Mesmo passado um ano do ocorrido, muitos indígenas não voltaram para suas atividades na sede do município. Em entrevista com o Secretário Municipal dos Povos Indígenas, Ivanildo Tenharin, ele falou das ameaças que sofre até hoje, mas fala que jamais irá se abater e deixar de lutar por seu povo. Alguns alunos da UEA conseguiram voltar e concluir a graduação, mas os Tenharin que estudavam no IEAA-UFAM não se sentiram seguros para retornar. Como nos fala o pai (L1) de uma aluna do curso de licenciatura em Biologia e Química:

“Professora, como posso deixar minha caçula voltar pra UFAM se ela foi muito humilhada lá, os colegas ficaram falando muitas coisas ruins e até de alguns professores ela ouviu coisas sobre os indígenas? Aqui veio o representante da UEA, eu mesmo conversei com ele e ele deu a garantia da segurança pros alunos voltarem.
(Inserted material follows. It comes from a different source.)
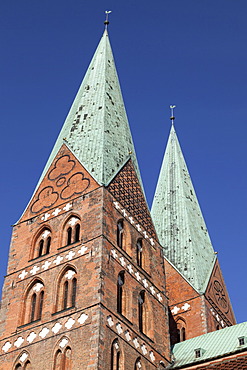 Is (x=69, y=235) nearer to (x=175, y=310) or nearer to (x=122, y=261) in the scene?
(x=122, y=261)

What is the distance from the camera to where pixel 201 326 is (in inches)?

A senhora sabe que ele pediu um carro da polícia militar que ficava na frente da UEA e quando eles iam (os indígenas) pra casa os policiais acompanhavam de longe, isso deixava a gente mais seguro. Mas na UFAM, aquela mulher não se interessou pelo nosso caso, aí achei melhor ela (filha) não voltar”.

Na verdade, o que se viu foi um ataque brutal ao povo Tenharin nas ruas, instituições públicas, redes sociais etc. Muitos dos que participaram dos eventos não conseguiam imaginar que poderiam estar sendo massa de manobra para outros interesses. Os três mortos merecem que se faça justiça e que os culpados paguem na forma da lei. Mas, uma cultura inteira não pode ser massacrada por um ato que nem mesmo foi comprovado integralmente. Provavelmente, o ocorrido foi usado por madeireiros e fazendeiros que não concordavam com a cobrança do “pedágio” e utilizou da comoção da população para incentivar os ataques, não só aos Tenharin, mas a depredação e destruição dos bens públicos13.
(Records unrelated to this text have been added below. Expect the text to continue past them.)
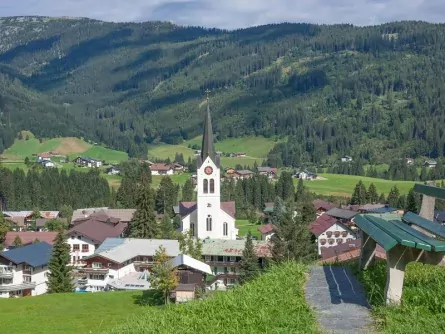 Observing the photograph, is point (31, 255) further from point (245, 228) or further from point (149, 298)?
point (245, 228)

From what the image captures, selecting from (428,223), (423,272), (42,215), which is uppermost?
(428,223)

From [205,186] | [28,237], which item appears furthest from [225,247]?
[28,237]

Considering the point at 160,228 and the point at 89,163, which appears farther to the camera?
the point at 89,163

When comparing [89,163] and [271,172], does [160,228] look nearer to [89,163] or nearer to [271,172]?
[271,172]

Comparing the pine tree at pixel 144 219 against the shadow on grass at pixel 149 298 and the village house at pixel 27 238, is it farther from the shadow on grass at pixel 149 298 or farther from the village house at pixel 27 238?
the shadow on grass at pixel 149 298

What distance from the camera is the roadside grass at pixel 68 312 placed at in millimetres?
18828

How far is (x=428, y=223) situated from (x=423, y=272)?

13 Ver filme de Iremar Antonio Ferreira com depoimento de Dona Margarida Tenharin, disponível em

Atualmente a comissão da verdade reconheceu os danos causados pela ditadura militar aos povos indígenas, especificamente aos Tenharin, que sofreram e sofrem com os danos causados pela abertura da BR-230 – Transamazônica, que afetou diretamente os povos indígenas ao longo dessa rodovia. Dessa forma, o Ministério Público Federal no Amazonas ingressou com uma ação civil pública, solicitando à Justiça Federal declarar a responsabilidade da Funai e da União por violação aos direitos humanos aos povos Tenharin e Jiahui, como consequência dos danos permanentes causados pela construção da Transamazônica em seus territórios.

Neste sentido, a Justiça Federal concedeu liminar em favor dos povos Tenharin e Jiahui, onde determina que adotem medidas para reparar os danos causados em decorrência da construção da rodovia. A liminar também garante que os locais sagrados desses povos devem ser preservados, além da garantia da presença dos indígenas em escolas ou faculdades, se necessário, com medidas de segurança.

Além disso, a ação civil requereu reparação por dano moral coletivo, no qual o Ministério Público Federal requer uma indenização de 10 milhões para cada povo, que deverão ser aplicados em favor desses povos, sob a coordenação da FUNAI, a partir da definição dos próprios indígenas. Esse item encontra-se em tramitação.

Atualmente, na rodovia não tem mais a cobrança da taxa de compensação. Os Tenharin compreendem que estavam cobrando das pessoas erradas, passaram então a cobrar das autoridades pela reparação de parte dos danos causados aos povos indígenas Tenharin e Jiahui, conforme a petição feita pelo Ministério Público Federal.